/ 24 May 2012

Moeletsi Mbeki: SA becoming de-industrialised

Moeletsi Mbeki.
Moeletsi Mbeki.

South Africa is being de-industrialised and turned into a welfare state because of an alliance between the black political elite and the poor, said political economist Moeletsi Mbeki on Thursday at a lecture at Wits. The lecture was part of a joint venture between the Wits/Wiser and the Mail & Guardian.

“There is an alliance between the black middle class and the poor, this tells you how the poor are being bought off … they are grant recipients,” said Mbeki, who is former president Thabo Mbeki’s brother.

He was delivering a lecture: “What has the ANC achieved in nearly two decades?” at the University of the Witwatersrand.

“There are two primary political controllers of South Africa.
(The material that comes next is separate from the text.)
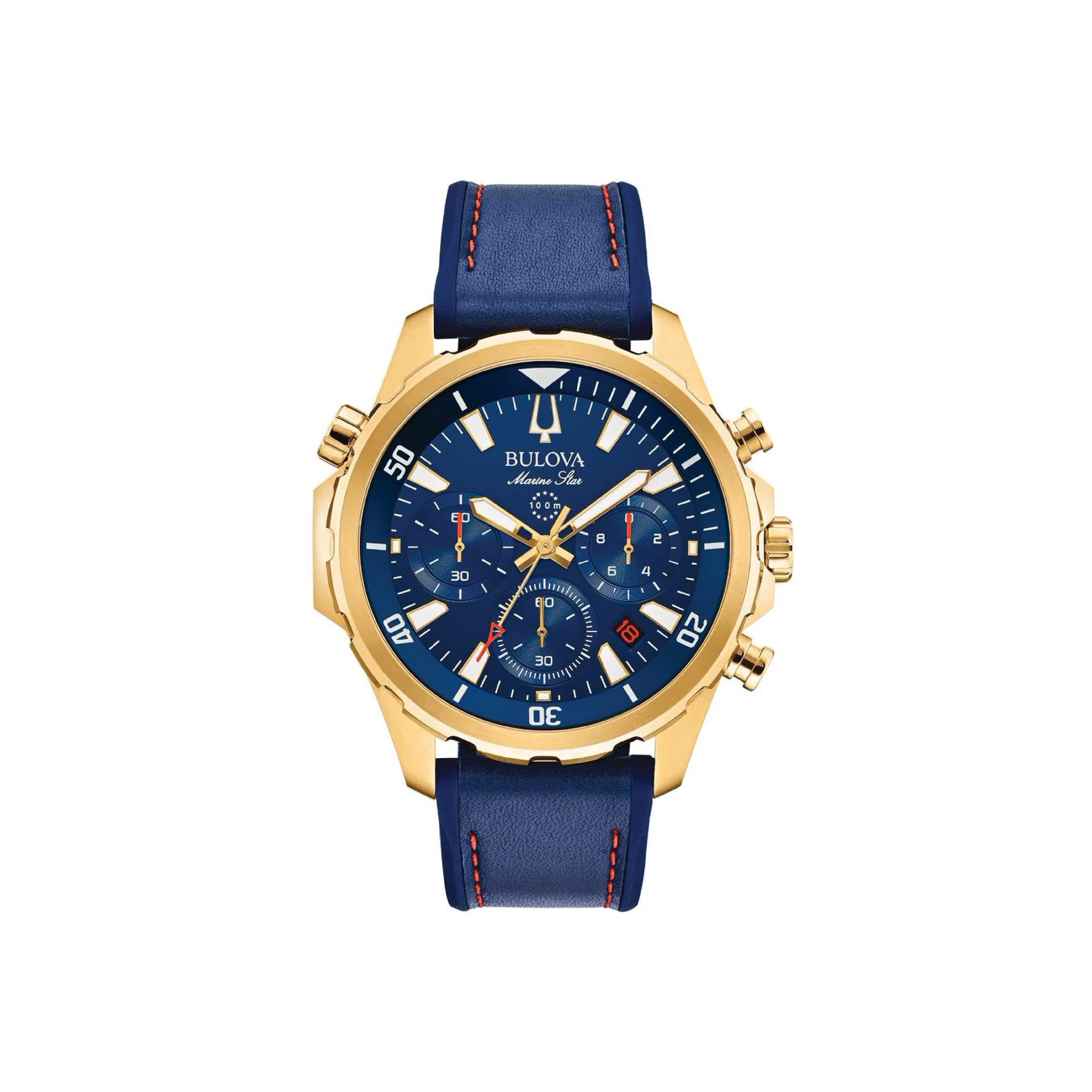 Bulova Orologio Elegante Uomo 98D166 - Acciaio IP Nero, Quadrante Con Diamanti E Dettagli Oro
The under-class are the single largest voting block of South Africa,” he said.

Political power rested between the black political elite and the black poor.

Mbeki said there was something wrong with the way the political elite was managing South Africa.

It was the political elite which determined how the country developed. “There is something very wrong with South Africa … with how the political elite are managing South Africa,” he said.

Under the ANC, three social groups had emerged. They were: the capitalists or bourgeoisie, the political elite or bureaucratic bourgeoisie, and the under-class or unemployed.

“We have a unique political system in South Africa. It’s controlled by the black middle class [political elite], but it has an alliance with the poor or the under-class,” Mbeki said.

The objective of the political elite was to maximise consumption of the black middle class and to retain the monopoly on political power.

However, its weakness was that it depended on the vote of the under-class, which did not own productive assets, he said.

“The ANC has been driving a consumer revolution at the expense of production.” Mbeki said the political elite’s private consumption was being funded by state revenue and had become a burden on taxpayers.

“It’s becoming clear where the bottleneck sits and where the problems are,” he said.

“The consumption of the black elite is unsustainable and has to be reversed.”

The capitalists needed to be brought into the loop. This group of society was defending itself by moving capital out of South Africa, said Mbeki.

“We need a new politics in South Africa, a more inclusive politics, not just a black elite and a black poor.”

“As long as they [capitalists] are out of the political loop, we’ll never have economic growth. They control the productive assets of the country,” he said.

In 2007, more than $20-billion (about R166.7bn), which was 20% of the gross domestic product (GDP), was moved out of South Africa by these capitalists.

“When you moving 20% of the GDP out of the country there is no way of developing your country,” he said.

Mbeki said the solution for South Africa was to develop entrepreneurs who were productive, and to develop science, maths, engineering and management education.